The comprehensive structure of the paper ensures a systematic exploration of the subject matter. In the Intro- duction, the groundwork for the research is laid, providing context and motivation for the study [43]. The Ease-of-Use section delves into crucial aspects such as Data Preparation, Overfitting [44], Dimensionality Reduction, and Feature Selection [45], offering insights into the challenges and solutions encountered during the research process.

The Related Work section critically evaluates existing literature, highlighting the hybrid-recursive feature removal method, addressing research gaps, and elucidating the paper’s contribution to the field. A dedicated segment on Machine Learning in Software Estimation underscores the significance of applying machine learning techniques in the realm of software development. The Methodology section intricately details the research approach, encompassing Correlation, Dataset Used, Preprocessing Procedures, Techniques Applied, and Software Effort Estimation Criteria or Performance Metrics. The subsequent sections meticulously unveil the research findings and draw insightful conclusions, providing a coherent and structured presentation of the study’s outcomes. This organizational framework ensures clarity and facilitates a nuanced understanding of the research journey and its implications.

Figure 1 illustrates key components relevant to the problem setup in this paper, providing a graphical representation of significant sections.

Figure 1. Software effort estimation illustration

2. Accessibility and Optimization

2.1 Data preparation

Data preparation is a critical step in machine learning that involves transforming raw data [46, 47] into a format that can be easily understood and analyzed by machine learning algorithms [48]. The goal of data preparation is to ensure that the data is accurate, complete, and relevant for the machine-learning task. Data preparation involves data cleaning, data integration, data transformation, feature selection, and data splitting. Anaconda surveyed data scientists, and the results showed that these professionals spent about 45% of their time loading and cleaning data [49]. The organization also investigated the gap between what data scientists learn in school and what businesses require [50-52].

2.2 Overfitting

Before creating a machine-learning model, feature selection is a crucial step to prevent overfitting and hence enhance model prediction accuracy and generalization ability. Overfitting is an issue in machine learning that takes place. It happens when your model begins to suit the training data too well. The data scientist’s favorite topic is overfitting. There is no ideal data in data science.
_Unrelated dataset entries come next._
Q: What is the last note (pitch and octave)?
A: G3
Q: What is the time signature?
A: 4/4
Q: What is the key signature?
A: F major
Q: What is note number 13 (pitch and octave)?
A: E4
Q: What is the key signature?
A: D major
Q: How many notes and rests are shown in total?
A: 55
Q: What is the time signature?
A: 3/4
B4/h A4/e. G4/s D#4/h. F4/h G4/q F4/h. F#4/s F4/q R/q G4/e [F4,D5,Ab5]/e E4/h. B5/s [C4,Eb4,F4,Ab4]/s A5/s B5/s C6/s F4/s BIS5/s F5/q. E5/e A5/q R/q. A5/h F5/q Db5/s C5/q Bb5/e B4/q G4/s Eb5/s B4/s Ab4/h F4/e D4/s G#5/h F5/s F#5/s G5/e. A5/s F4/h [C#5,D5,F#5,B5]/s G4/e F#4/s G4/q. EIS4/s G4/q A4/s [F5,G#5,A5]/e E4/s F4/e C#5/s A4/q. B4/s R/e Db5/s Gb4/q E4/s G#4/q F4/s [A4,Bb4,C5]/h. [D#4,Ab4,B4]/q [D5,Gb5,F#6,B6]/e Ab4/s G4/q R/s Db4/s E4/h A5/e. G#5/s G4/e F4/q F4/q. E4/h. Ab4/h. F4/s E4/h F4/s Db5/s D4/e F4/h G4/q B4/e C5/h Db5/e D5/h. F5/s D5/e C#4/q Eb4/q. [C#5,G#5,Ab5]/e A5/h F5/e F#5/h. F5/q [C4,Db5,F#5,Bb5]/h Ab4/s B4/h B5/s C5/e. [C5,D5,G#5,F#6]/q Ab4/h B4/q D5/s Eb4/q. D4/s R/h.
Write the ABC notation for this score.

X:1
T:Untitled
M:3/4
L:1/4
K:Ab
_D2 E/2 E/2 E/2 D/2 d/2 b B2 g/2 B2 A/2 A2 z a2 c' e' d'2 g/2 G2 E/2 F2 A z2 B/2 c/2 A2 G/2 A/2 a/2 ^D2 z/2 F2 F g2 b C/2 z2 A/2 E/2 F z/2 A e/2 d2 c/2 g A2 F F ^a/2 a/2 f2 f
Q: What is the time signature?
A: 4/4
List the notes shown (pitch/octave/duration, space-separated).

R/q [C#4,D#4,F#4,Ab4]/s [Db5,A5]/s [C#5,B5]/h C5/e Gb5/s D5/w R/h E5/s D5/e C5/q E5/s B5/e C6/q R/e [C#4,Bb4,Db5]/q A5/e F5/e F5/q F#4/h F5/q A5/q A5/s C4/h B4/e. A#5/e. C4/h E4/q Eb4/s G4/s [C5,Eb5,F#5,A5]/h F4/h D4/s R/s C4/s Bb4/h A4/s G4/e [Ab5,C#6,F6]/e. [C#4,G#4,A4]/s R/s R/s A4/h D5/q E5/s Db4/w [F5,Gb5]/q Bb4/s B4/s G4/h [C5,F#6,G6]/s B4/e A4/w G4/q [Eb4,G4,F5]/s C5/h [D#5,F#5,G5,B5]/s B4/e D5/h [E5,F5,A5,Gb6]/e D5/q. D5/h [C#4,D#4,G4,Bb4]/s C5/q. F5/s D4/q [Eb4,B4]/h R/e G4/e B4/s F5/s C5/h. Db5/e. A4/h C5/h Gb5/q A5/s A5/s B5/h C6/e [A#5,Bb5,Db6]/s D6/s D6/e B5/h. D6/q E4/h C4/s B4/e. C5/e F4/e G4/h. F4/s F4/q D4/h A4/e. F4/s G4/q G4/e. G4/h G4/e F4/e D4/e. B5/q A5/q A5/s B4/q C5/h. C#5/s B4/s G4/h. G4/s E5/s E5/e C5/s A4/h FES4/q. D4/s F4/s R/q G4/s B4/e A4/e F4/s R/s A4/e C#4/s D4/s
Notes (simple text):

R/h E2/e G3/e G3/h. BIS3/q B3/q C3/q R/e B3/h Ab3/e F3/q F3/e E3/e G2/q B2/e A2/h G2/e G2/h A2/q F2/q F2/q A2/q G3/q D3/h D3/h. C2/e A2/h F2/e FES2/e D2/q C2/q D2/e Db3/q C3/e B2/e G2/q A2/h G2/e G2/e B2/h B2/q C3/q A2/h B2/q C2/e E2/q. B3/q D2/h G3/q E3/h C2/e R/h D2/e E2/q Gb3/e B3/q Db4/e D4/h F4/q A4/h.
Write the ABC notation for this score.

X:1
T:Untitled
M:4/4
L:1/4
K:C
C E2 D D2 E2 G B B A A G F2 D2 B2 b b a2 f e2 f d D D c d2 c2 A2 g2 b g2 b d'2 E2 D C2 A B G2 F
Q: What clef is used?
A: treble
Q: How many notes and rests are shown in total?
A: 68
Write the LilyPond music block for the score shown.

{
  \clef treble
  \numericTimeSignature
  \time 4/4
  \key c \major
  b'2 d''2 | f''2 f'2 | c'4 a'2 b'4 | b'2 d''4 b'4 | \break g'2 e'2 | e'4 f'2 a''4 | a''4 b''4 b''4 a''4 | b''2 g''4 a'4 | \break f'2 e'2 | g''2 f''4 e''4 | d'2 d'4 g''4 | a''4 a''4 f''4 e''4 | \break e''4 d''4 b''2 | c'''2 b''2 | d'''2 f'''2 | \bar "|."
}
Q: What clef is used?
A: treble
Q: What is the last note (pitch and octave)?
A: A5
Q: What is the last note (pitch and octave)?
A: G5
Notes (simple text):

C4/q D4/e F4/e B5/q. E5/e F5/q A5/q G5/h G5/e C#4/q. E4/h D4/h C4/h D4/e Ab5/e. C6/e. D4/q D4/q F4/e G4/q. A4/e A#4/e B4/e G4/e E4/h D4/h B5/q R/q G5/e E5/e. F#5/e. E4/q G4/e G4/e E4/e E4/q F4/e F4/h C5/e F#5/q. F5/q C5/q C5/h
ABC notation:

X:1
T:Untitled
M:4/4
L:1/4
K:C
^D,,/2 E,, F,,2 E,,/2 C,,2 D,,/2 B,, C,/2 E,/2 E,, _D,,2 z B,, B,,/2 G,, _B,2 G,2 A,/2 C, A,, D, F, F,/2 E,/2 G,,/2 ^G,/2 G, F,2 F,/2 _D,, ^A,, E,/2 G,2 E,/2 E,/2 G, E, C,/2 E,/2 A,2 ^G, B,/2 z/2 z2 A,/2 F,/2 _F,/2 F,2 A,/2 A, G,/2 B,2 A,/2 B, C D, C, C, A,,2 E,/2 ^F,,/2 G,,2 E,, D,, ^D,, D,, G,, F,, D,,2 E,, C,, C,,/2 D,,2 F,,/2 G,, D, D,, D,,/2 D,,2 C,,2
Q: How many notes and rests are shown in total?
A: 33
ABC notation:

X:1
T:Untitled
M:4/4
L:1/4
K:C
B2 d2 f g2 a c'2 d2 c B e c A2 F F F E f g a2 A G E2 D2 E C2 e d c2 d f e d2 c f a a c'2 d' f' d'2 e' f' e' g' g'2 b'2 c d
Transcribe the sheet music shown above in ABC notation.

Noise and errors are a constant. When a model begins to learn this noise, it overfits. As a result, we get a biased model that is not generalizable. It is frequently extremely simple to see an overfit model. When the error on the testing dataset starts to rise, overfitting takes place. Normally, if the error on the training data is significantly less than the error on the testing dataset, our model/algorithm may have learned too much. In simple terms, the more variables we have, the harder it becomes to make accurate predictions or draw useful insights from the data.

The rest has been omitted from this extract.